Setelah era reformasi, pembuat film menghadapi dinamika sensor berbeda. Meski tema-tema film yang diproduksi jauh lebih beragam ketimbang masa Orde Baru, sensor tetap berlaku untuk beberapa film.
Oleh
BI Purwantari
·6 menit baca
Kita lihat saja bagaimana film Dendam Pocong (2006) karya Rudi Soedjarwo yang gagal diputar di bioskop karena dinilai Lembaga Sensor Film (LSF) banyak menampilkan adegan kekerasan dan pemerkosaan. Film ini juga dianggap berpotensi membangkitkan dendam dan luka lama akibat kerusuhan Mei 1998, terkait latar belakang film yang berbasis tragedi Mei 1998.
Pembuat film menyanggah filmnya mengeksploitasi kekerasan dan seks.
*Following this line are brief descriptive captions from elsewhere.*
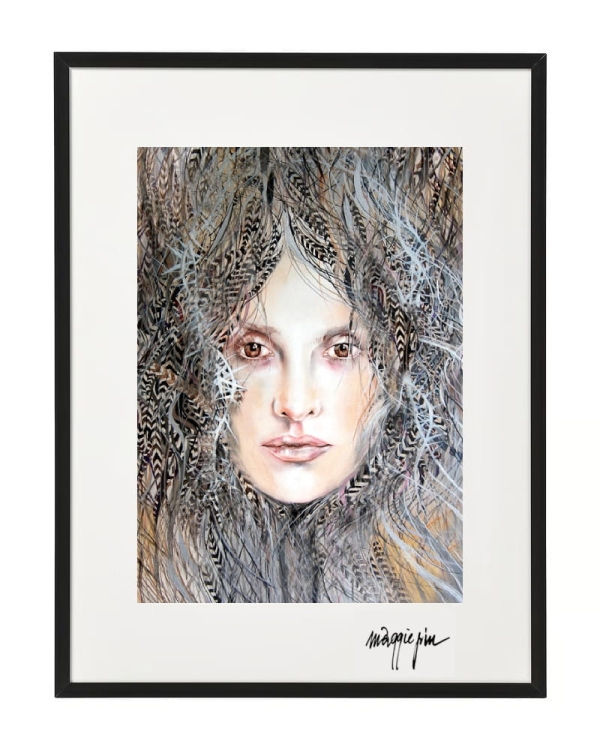 print-Ave-Rita-reprodukcja-w-ramie-czarnej-30x40cm.jpg
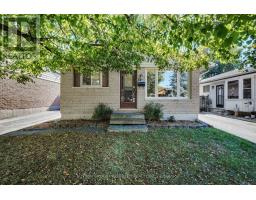34 HEARTHSIDE PLACE - 1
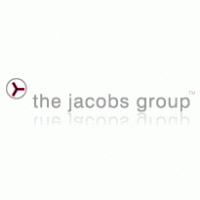 Jacobs Logo - Jacobs Logo Vectors Free Download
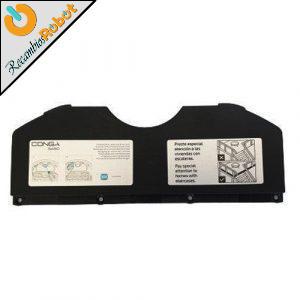 Tapa de batería. Cecotec Conga 3490
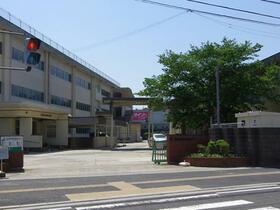 広島県広島市安佐北区深川７丁目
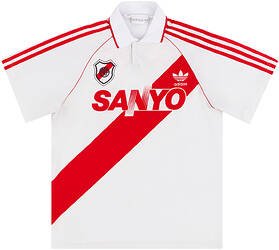 river-plate-92-home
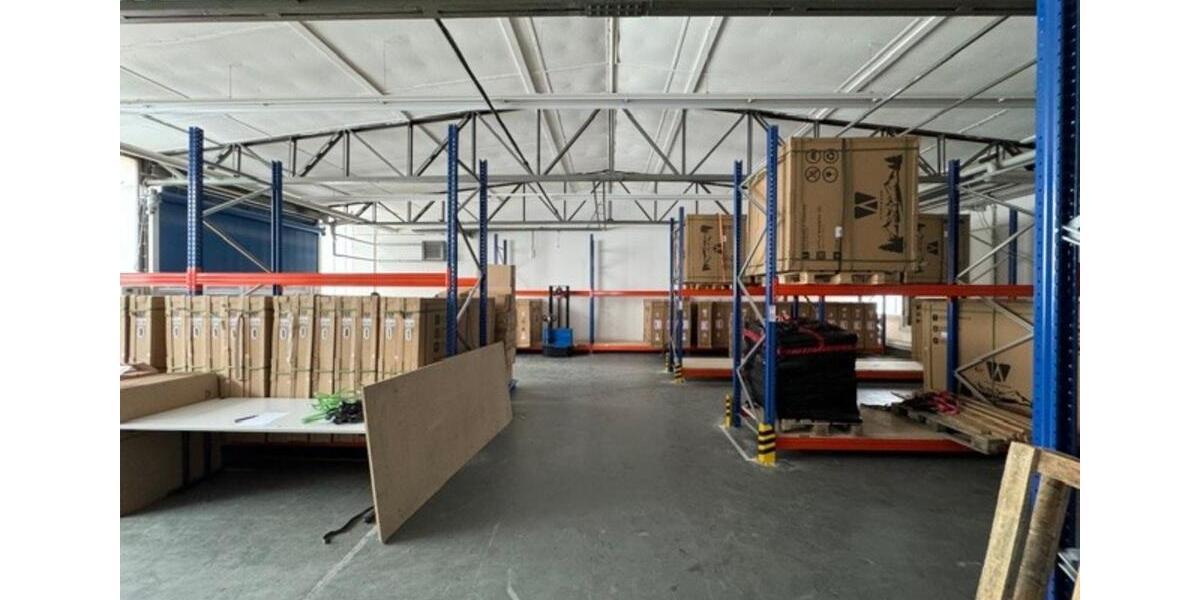 Gewerbeobjekt Ottobrunn - 4.500&euro; | Angebot:25239357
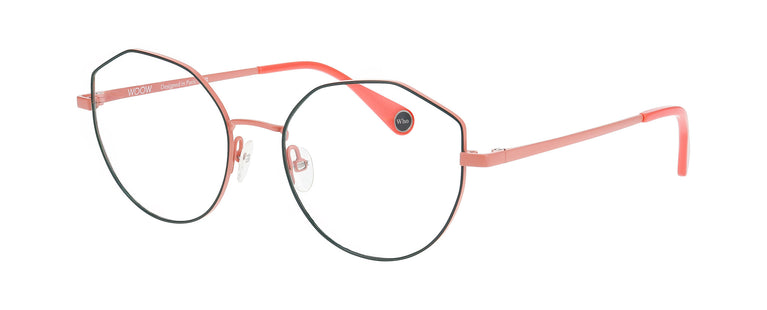 WooW GUESS WHO 1 9431 52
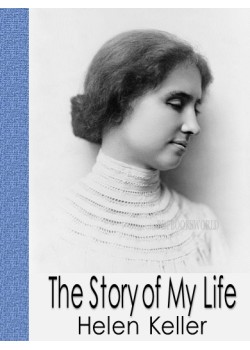 Who Was Helen Keller? PDF Free Download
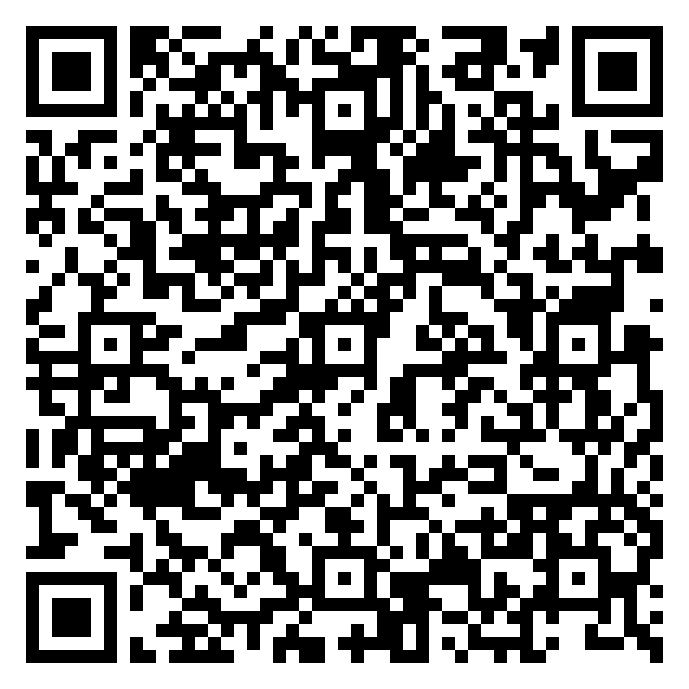 QR code 36647975000000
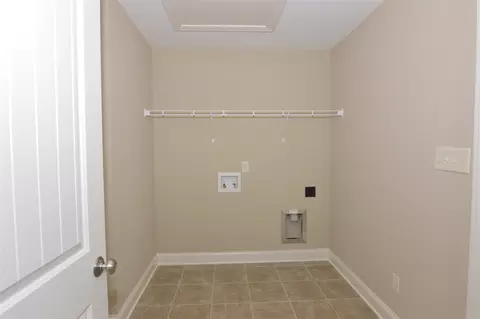 147 Unique Pl, Garner, NC 27529 photo 21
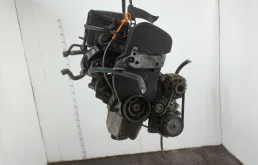 Двигатель (ДВС) Volkswagen Golf 6 2008-2012 КПП 5-ст.мех.(МКПП) CGGA Бензин 1.4 л Инжектор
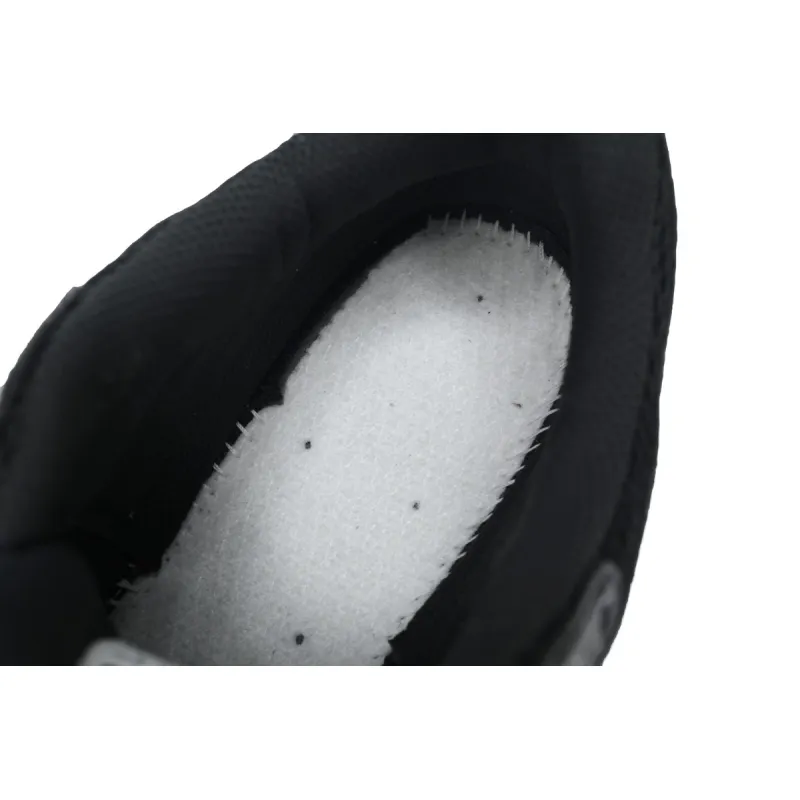New Balance 1906R Black Grey M1906RCH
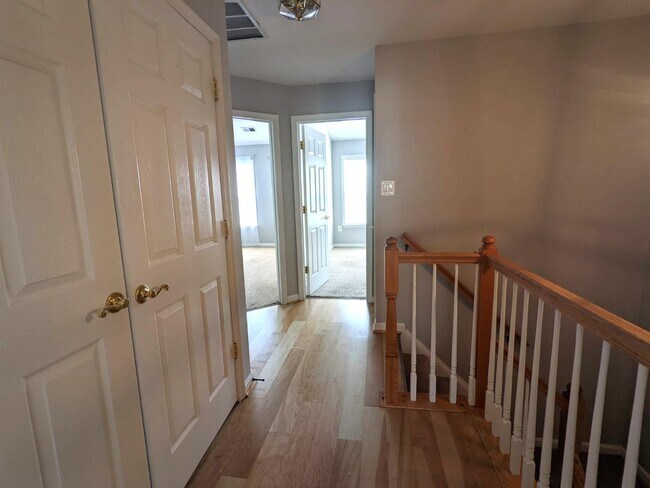 Building Photo - 13996 Khalid Ln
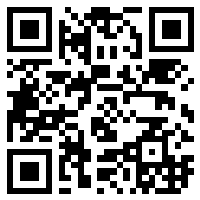 QR Code for XxSFABHwv3mexen8jPHrGhfuBaeBanM4g2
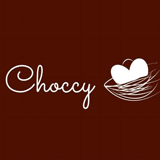 Choccy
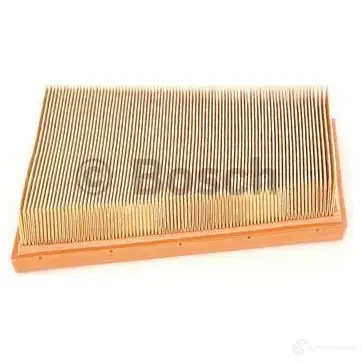 Воздушный фильтр BOSCH f026400110 UGQ9141 369971 S 0110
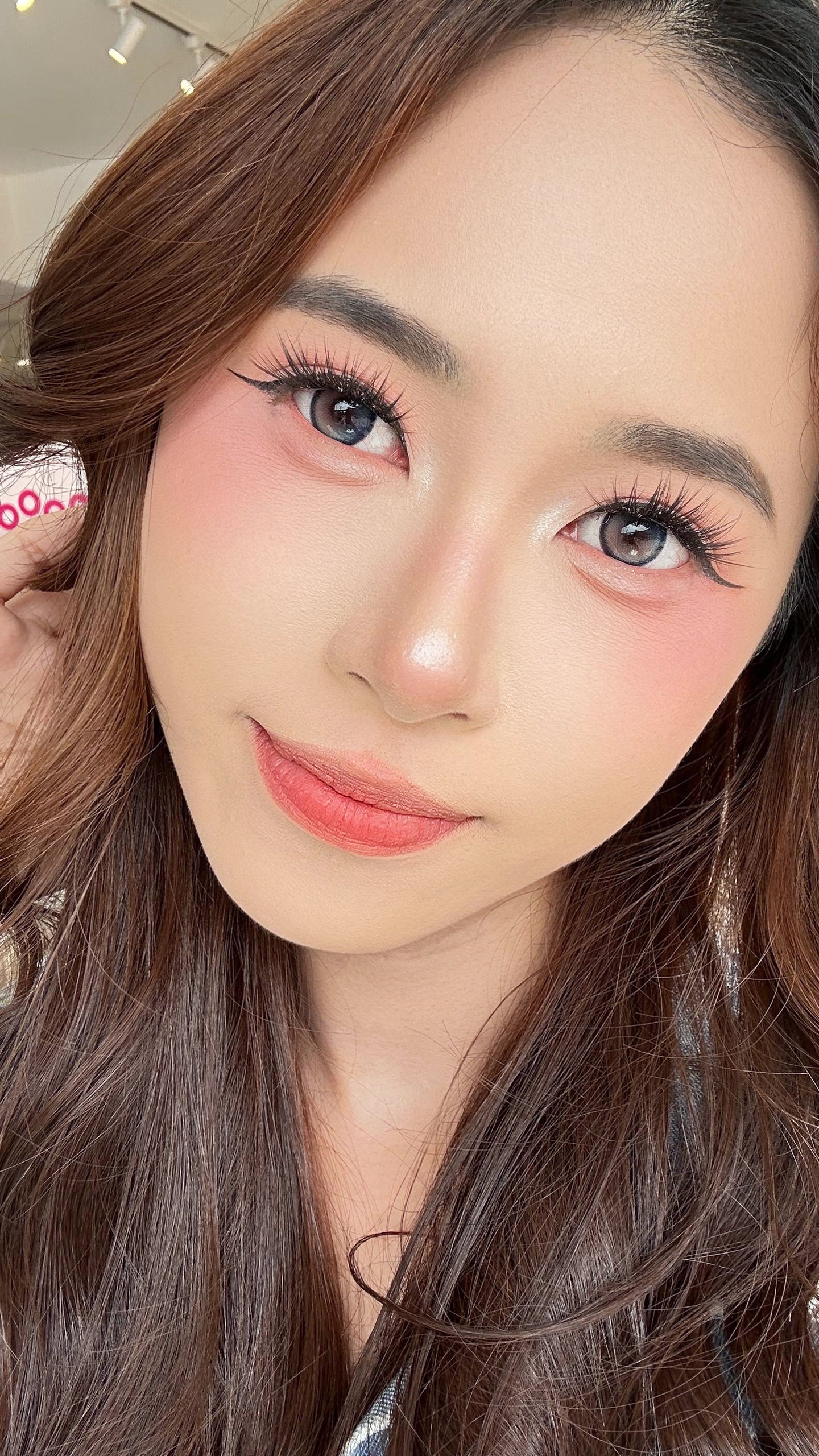 Moonveil DayDream Moon - Ohmykitty Online Store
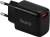 Сетевое зар./устр. Buro BUWG1 18W 3A (QC) USB-A универсальное черный (BUWG18P100BK) Сетевое зар./устр. Buro BUWG1 18W 3A (QC) USB-A универсальное черный (BUWG18P100BK)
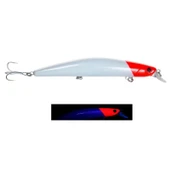 Fujin Z-Bass Minnow 125F 21gr Maket Balık - 7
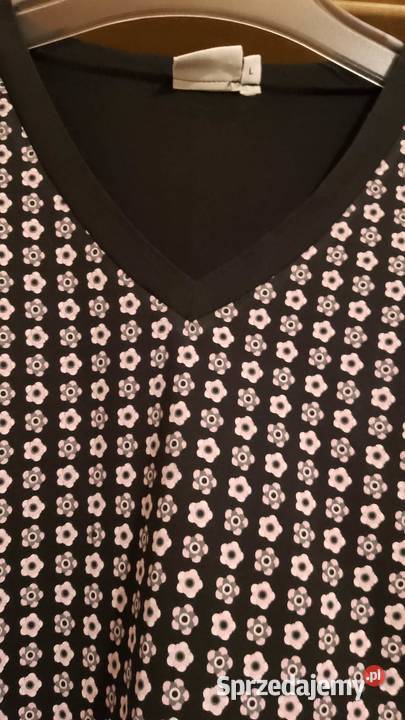 Bluzka damska Multiblu Częstochowa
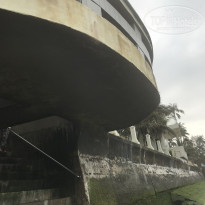 фото из отзыва ID 2123677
Menurut Rudi Soedjarwo, seperti dikutip dari Tempo.com, kekerasan yang ditampilkan di film masih dalam bentuk wajar dan konteks kerusuhan Mei 1998 adalah realitas yang memang ada. Selain itu, salah satu pesan yang ingin disampaikan film adalah manusia seharusnya lebih takut pada manusia lain, bukan kepada setan. Bagi tim pembuat film, larangan pemutaran Dendam Pocong lebih bersifat politis daripada pelanggaran nilai-nilai sosial.
Bentuk sensor yang berbeda dialami sutradara kondang lainnya, Hanung Bramantyo. Filmnya, Cinta Tapi Beda (2012) yang sudah lolos sensor dengan klasifikasi usia 17 tahun ke atas, juga direaksi negatif oleh kelompok masyarakat tertentu. Sekelompok masyarakat Sumatera Barat menuntut film ini ditarik dari peredaran karena dinilai bertentangan dengan kondisi masyarakat Sumbar yang mayoritas beragama Islam, sedangkan tokoh di film merupakan orang Padang beragama non-Islam. Produser film akhirnya menarik film dari peredaran.
Gagalnya produksi film gara-gara penolakan dari masyarakat juga pernah dialami sutradara senior Eros Djarot. Filmnya yang berjudul Lastri (2008) terpaksa berhenti berproduksi setelah syuting 12 scenes. Produksi film dihentikan karena ancaman sekelompok orang yang menganggap film ini menyebarkan ajaran komunis.
Desakan ini juga tidak lepas dari isu komunisme yang masih sangat sensitif dalam kehidupan sosial masyarakat Indonesia. Tidak heran, apa pun yang terkait dengan isu ini, termasuk film, menjadi sasaran penolakan.
Kontroversi peredaran film dialami pula oleh film Kucumbu Tubuh Indahku (2019) karya Garin Nugroho. Seperti Cinta Tapi Beda, film ini lolos sensor dengan klasifikasi usia lebih dari 21 tahun. Namun, film ini dilarang diputar di Kota Depok, Jabar, dan Kabupaten Kubu Raya, Kalbar. Seperti isu komunisme, pelarangan film ini dilatarbelakangi alasan bisa memengaruhi cara pandang masyarakat tentang kehidupan LGBT.
Pembubaran lembaga sensor
Berbagai bentuk sensor, baik dari lembaga sensor maupun dari masyarakat, terhadap film pada akhirnya juga membuat para pegiat dunia perfilman merasa terancam dan menjadi tidak merdeka dalam memproduksi karya film. Upaya membubarkan lembaga sensor pun mengemuka di awal reformasi. Pada 2007 sekelompok pembuat film mengajukan uji yudisial terhadap Undang-Undang Perfilman No 8/1992 ke Mahkamah Konstitusi. Mereka menganggap UU ini bertentangan dengan UUD 1945, khususnya pasal kemerdekaan berpendapat.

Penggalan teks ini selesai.